- TASK BRIEF:
Would you set down every line of the data below exactly as it reads?

(INFORMATION SHOWN)

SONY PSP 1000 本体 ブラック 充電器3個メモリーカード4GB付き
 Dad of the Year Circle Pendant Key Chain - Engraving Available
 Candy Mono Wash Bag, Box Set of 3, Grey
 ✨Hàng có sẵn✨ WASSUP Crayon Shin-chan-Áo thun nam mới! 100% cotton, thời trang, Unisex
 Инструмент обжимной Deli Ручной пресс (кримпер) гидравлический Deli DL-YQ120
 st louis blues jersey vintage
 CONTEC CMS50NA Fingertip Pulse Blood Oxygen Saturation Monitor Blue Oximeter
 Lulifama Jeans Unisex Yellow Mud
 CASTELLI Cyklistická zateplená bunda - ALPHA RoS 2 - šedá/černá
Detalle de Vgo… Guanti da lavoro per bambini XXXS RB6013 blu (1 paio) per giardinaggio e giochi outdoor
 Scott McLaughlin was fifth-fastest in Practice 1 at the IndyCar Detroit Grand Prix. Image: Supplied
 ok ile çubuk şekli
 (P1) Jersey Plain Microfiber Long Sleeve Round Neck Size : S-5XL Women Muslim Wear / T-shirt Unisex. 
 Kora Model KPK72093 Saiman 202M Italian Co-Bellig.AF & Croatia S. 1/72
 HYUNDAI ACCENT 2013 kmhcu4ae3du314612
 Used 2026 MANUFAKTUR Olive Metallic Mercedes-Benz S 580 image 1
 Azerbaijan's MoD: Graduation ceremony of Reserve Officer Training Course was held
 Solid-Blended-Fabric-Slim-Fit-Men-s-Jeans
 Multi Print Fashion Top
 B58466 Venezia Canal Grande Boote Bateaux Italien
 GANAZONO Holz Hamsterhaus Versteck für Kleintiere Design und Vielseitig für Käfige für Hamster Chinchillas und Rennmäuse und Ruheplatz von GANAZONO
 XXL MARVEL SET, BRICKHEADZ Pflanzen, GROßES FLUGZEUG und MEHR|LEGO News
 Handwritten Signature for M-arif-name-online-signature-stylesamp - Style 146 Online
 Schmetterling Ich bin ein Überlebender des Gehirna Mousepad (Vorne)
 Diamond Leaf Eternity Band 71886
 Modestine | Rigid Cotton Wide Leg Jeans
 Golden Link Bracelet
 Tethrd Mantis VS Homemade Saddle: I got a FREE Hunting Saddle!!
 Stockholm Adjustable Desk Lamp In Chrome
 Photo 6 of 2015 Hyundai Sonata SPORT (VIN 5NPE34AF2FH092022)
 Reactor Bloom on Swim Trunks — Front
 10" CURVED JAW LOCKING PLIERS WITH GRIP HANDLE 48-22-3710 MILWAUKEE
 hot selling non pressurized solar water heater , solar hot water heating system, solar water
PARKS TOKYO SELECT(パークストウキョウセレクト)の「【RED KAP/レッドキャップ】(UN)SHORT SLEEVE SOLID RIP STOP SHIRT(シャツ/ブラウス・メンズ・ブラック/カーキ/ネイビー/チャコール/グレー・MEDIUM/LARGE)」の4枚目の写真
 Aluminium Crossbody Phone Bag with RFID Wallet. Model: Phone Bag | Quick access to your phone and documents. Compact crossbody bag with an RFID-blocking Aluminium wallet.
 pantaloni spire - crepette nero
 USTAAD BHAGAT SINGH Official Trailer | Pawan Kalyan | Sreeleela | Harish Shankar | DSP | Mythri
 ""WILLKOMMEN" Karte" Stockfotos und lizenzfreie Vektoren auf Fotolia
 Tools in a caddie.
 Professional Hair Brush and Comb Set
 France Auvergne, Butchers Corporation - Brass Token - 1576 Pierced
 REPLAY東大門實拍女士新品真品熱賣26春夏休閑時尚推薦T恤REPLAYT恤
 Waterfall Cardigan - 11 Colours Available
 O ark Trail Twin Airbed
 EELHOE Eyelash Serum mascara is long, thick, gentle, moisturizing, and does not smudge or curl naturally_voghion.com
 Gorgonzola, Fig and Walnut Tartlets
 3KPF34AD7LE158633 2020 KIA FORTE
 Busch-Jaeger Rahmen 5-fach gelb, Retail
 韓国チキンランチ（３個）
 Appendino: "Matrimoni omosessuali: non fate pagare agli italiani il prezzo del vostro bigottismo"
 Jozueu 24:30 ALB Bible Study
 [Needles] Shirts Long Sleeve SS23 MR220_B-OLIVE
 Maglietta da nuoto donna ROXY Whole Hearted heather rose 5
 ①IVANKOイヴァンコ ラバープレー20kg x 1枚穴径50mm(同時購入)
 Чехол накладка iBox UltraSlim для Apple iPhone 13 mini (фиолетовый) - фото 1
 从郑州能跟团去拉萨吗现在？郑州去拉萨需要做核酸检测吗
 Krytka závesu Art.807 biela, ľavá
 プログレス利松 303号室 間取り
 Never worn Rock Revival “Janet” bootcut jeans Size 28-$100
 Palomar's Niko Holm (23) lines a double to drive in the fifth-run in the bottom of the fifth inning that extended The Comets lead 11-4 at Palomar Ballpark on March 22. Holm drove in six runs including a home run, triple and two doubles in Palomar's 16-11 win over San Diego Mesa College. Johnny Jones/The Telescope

(End INFORMATION SHOWN)

- RESPONSE:
SONY PSP 1000 本体 ブラック 充電器3個メモリーカード4GB付き
 Dad of the Year Circle Pendant Key Chain - Engraving Available
 Candy Mono Wash Bag, Box Set of 3, Grey
 ✨Hàng có sẵn✨ WASSUP Crayon Shin-chan-Áo thun nam mới! 100% cotton, thời trang, Unisex
 Инструмент обжимной Deli Ручной пресс (кримпер) гидравлический Deli DL-YQ120
 st louis blues jersey vintage
 CONTEC CMS50NA Fingertip Pulse Blood Oxygen Saturation Monitor Blue Oximeter
 Lulifama Jeans Unisex Yellow Mud
 CASTELLI Cyklistická zateplená bunda - ALPHA RoS 2 - šedá/černá
Detalle de Vgo… Guanti da lavoro per bambini XXXS RB6013 blu (1 paio) per giardinaggio e giochi outdoor
 Scott McLaughlin was fifth-fastest in Practice 1 at the IndyCar Detroit Grand Prix. Image: Supplied
 ok ile çubuk şekli
 (P1) Jersey Plain Microfiber Long Sleeve Round Neck Size : S-5XL Women Muslim Wear / T-shirt Unisex. 
 Kora Model KPK72093 Saiman 202M Italian Co-Bellig.AF & Croatia S. 1/72
 HYUNDAI ACCENT 2013 kmhcu4ae3du314612
 Used 2026 MANUFAKTUR Olive Metallic Mercedes-Benz S 580 image 1
 Azerbaijan's MoD: Graduation ceremony of Reserve Officer Training Course was held
 Solid-Blended-Fabric-Slim-Fit-Men-s-Jeans
 Multi Print Fashion Top
 B58466 Venezia Canal Grande Boote Bateaux Italien
 GANAZONO Holz Hamsterhaus Versteck für Kleintiere Design und Vielseitig für Käfige für Hamster Chinchillas und Rennmäuse und Ruheplatz von GANAZONO
 XXL MARVEL SET, BRICKHEADZ Pflanzen, GROßES FLUGZEUG und MEHR|LEGO News
 Handwritten Signature for M-arif-name-online-signature-stylesamp - Style 146 Online
 Schmetterling Ich bin ein Überlebender des Gehirna Mousepad (Vorne)
 Diamond Leaf Eternity Band 71886
 Modestine | Rigid Cotton Wide Leg Jeans
 Golden Link Bracelet
 Tethrd Mantis VS Homemade Saddle: I got a FREE Hunting Saddle!!
 Stockholm Adjustable Desk Lamp In Chrome
 Photo 6 of 2015 Hyundai Sonata SPORT (VIN 5NPE34AF2FH092022)
 Reactor Bloom on Swim Trunks — Front
 10" CURVED JAW LOCKING PLIERS WITH GRIP HANDLE 48-22-3710 MILWAUKEE
 hot selling non pressurized solar water heater , solar hot water heating system, solar water
PARKS TOKYO SELECT(パークストウキョウセレクト)の「【RED KAP/レッドキャップ】(UN)SHORT SLEEVE SOLID RIP STOP SHIRT(シャツ/ブラウス・メンズ・ブラック/カーキ/ネイビー/チャコール/グレー・MEDIUM/LARGE)」の4枚目の写真
 Aluminium Crossbody Phone Bag with RFID Wallet. Model: Phone Bag | Quick access to your phone and documents. Compact crossbody bag with an RFID-blocking Aluminium wallet.
 pantaloni spire - crepette nero
 USTAAD BHAGAT SINGH Official Trailer | Pawan Kalyan | Sreeleela | Harish Shankar | DSP | Mythri
 ""WILLKOMMEN" Karte" Stockfotos und lizenzfreie Vektoren auf Fotolia
 Tools in a caddie.
 Professional Hair Brush and Comb Set
 France Auvergne, Butchers Corporation - Brass Token - 1576 Pierced
 REPLAY東大門實拍女士新品真品熱賣26春夏休閑時尚推薦T恤REPLAYT恤
 Waterfall Cardigan - 11 Colours Available
 O ark Trail Twin Airbed
 EELHOE Eyelash Serum mascara is long, thick, gentle, moisturizing, and does not smudge or curl naturally_voghion.com
 Gorgonzola, Fig and Walnut Tartlets
 3KPF34AD7LE158633 2020 KIA FORTE
 Busch-Jaeger Rahmen 5-fach gelb, Retail
 韓国チキンランチ（３個）
 Appendino: "Matrimoni omosessuali: non fate pagare agli italiani il prezzo del vostro bigottismo"
 Jozueu 24:30 ALB Bible Study
 [Needles] Shirts Long Sleeve SS23 MR220_B-OLIVE
 Maglietta da nuoto donna ROXY Whole Hearted heather rose 5
 ①IVANKOイヴァンコ ラバープレー20kg x 1枚穴径50mm(同時購入)
 Чехол накладка iBox UltraSlim для Apple iPhone 13 mini (фиолетовый) - фото 1
 从郑州能跟团去拉萨吗现在？郑州去拉萨需要做核酸检测吗
 Krytka závesu Art.807 biela, ľavá
 プログレス利松 303号室 間取り
 Never worn Rock Revival “Janet” bootcut jeans Size 28-$100
 Palomar's Niko Holm (23) lines a double to drive in the fifth-run in the bottom of the fifth inning that extended The Comets lead 11-4 at Palomar Ballpark on March 22. Holm drove in six runs including a home run, triple and two doubles in Palomar's 16-11 win over San Diego Mesa College. Johnny Jones/The Telescope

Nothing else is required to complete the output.